TRY IT: Go through the records line by line and work out how many lines hold the word "Windows". Answer with the number only.

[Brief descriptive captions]
# # # # # # #

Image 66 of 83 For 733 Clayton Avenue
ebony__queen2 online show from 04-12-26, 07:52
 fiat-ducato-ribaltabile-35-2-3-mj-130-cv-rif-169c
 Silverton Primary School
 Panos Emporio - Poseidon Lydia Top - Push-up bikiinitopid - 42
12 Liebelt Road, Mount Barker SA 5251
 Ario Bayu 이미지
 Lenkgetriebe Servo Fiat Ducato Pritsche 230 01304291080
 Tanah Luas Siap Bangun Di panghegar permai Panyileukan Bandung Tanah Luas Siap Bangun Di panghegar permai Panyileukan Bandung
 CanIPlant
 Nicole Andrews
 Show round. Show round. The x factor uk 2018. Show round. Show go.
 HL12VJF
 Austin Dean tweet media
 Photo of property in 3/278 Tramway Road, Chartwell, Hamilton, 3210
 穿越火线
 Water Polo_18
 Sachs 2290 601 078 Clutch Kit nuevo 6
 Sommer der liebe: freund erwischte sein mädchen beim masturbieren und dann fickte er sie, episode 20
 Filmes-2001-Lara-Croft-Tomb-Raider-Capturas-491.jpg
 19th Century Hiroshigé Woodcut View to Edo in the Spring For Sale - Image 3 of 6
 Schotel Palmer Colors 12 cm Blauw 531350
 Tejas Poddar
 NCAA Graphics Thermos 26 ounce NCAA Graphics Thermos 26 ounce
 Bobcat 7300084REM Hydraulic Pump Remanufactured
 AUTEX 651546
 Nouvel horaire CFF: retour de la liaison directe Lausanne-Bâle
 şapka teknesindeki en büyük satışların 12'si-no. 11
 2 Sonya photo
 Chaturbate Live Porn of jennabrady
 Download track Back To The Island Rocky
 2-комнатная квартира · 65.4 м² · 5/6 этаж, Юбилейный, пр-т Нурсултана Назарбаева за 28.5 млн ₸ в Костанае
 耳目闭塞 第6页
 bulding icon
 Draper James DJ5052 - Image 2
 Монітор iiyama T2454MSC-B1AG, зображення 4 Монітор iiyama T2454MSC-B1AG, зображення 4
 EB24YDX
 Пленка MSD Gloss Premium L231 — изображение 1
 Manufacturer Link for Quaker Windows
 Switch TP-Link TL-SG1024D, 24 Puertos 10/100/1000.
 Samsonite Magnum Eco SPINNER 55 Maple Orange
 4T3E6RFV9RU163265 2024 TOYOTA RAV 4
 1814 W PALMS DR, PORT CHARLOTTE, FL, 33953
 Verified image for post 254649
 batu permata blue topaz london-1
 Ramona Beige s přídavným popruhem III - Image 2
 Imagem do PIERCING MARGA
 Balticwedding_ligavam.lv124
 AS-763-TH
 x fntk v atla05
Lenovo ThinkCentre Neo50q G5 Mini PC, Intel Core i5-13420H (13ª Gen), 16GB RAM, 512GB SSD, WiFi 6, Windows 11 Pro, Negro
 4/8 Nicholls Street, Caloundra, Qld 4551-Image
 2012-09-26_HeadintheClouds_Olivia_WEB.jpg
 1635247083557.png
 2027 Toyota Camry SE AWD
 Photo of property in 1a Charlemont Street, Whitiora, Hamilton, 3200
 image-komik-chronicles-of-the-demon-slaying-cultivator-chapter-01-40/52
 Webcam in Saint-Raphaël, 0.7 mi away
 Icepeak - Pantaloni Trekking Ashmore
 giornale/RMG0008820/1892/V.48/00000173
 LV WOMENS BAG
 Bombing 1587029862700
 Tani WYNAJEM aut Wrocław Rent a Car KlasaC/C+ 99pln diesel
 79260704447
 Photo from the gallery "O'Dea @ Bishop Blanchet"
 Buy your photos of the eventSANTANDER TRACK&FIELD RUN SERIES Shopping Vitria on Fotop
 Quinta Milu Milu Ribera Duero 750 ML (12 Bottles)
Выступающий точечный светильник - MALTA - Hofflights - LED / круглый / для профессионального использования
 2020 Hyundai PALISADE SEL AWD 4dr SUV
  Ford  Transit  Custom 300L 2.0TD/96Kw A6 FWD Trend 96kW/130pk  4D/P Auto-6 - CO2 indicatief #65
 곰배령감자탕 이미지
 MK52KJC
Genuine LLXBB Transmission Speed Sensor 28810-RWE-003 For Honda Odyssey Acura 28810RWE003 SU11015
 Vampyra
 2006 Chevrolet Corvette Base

# # # # # # #

EXPECTED OUTPUT: 2